▸ **Activity**: Everything from the line containing "The shaft contains" to the last line of the material below must be retyped exactly, both ends included; skip the pictures.

↓

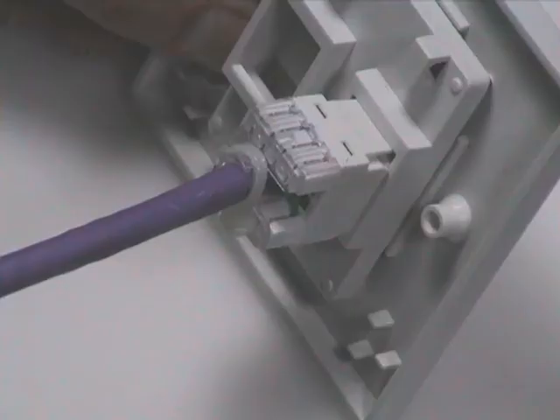Because of its keystone design, the connector simply clicks into the back of the Giganet faceplate.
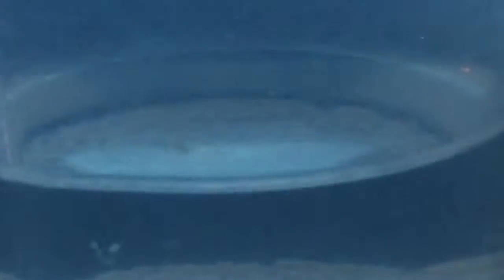Since I've done it I've noticed that my zoas are a lot happier and now they're actually opening up again. They started opening up within about two hours after I did the dip, so they seem to be doing a lot better.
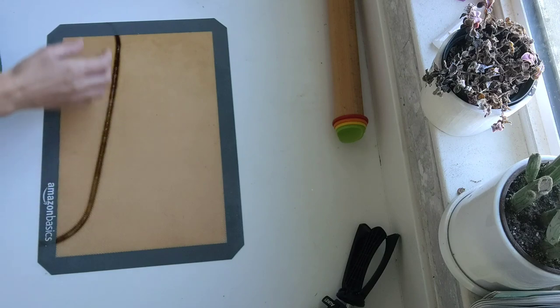Hi guys, I'm Emily with Rustic Passion Studio and today I'm going to show you how to make this cute little flower pot tumbler. So we're going to go ahead and get started here.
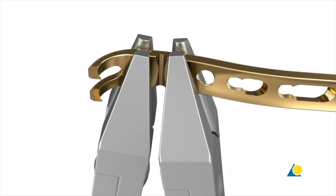The shaft contains LCP combi holes that accept either 2mm locking or cortex screws. The undercut helps to ensure that the threaded holes will not be distorted with typical contouring.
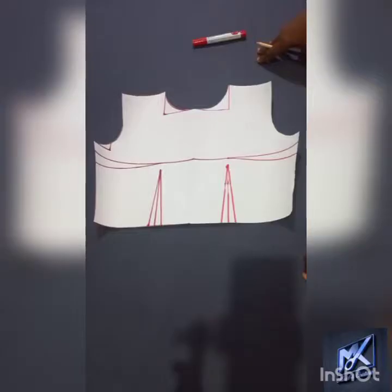Hi friends, welcome to another interesting tutorial on how to pad the bust. I will be showing you two methods of padding the bust: you can do a full bust padding and you can do a half bust padding.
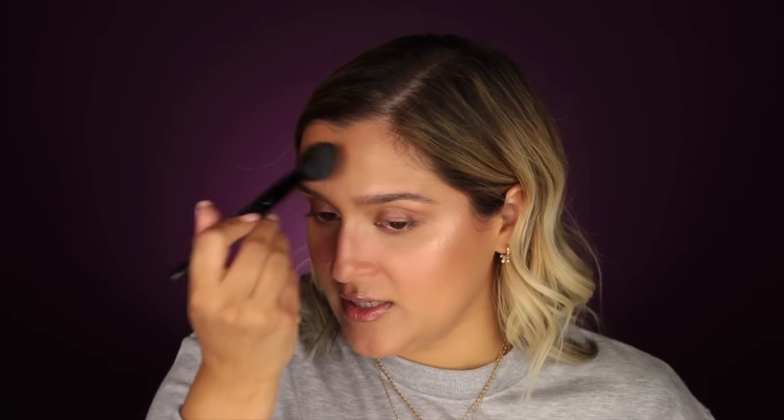My go-to lip product is the Fenty Gloss Bomb in Fussy — I really lather my lips up. The setting spray I'm currently using is the Morphe Continuous Setting Mist. I let that dry before doing my lashes because I hate when mascara transfers after you mist your face. The mist hydrates and melts everything together. But because I don't want my T-zone looking super oily, I'll take the same e.l.f. brush and hit my skin lightly with a little Charlotte Tilbury powder on the areas I know will get oilier throughout the day.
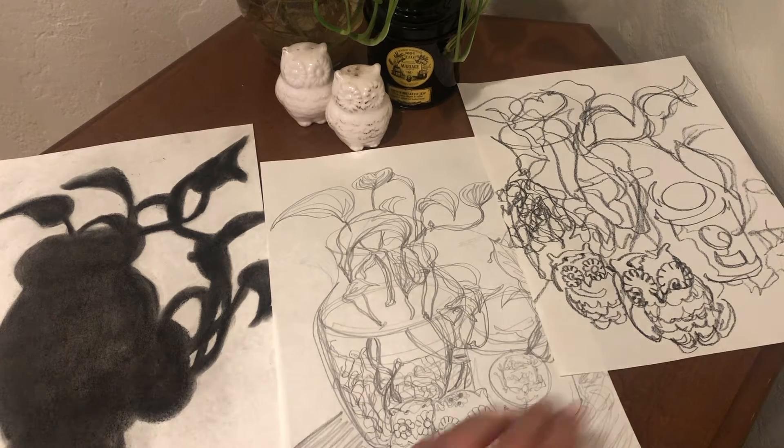Create at least three drawings on separate sheets of full-size drawing paper. Use a different technique for each sheet of paper, using the techniques you learned in this course.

↑

▸ **Exercise answer**:
The shaft contains LCP combi holes that accept either 2mm locking or cortex screws. The undercut helps to ensure that the threaded holes will not be distorted with typical contouring.
Hi friends, welcome to another interesting tutorial on how to pad the bust. I will be showing you two methods of padding the bust: you can do a full bust padding and you can do a half bust padding.
My go-to lip product is the Fenty Gloss Bomb in Fussy — I really lather my lips up. The setting spray I'm currently using is the Morphe Continuous Setting Mist. I let that dry before doing my lashes because I hate when mascara transfers after you mist your face. The mist hydrates and melts everything together. But because I don't want my T-zone looking super oily, I'll take the same e.l.f. brush and hit my skin lightly with a little Charlotte Tilbury powder on the areas I know will get oilier throughout the day.
Create at least three drawings on separate sheets of full-size drawing paper. Use a different technique for each sheet of paper, using the techniques you learned in this course.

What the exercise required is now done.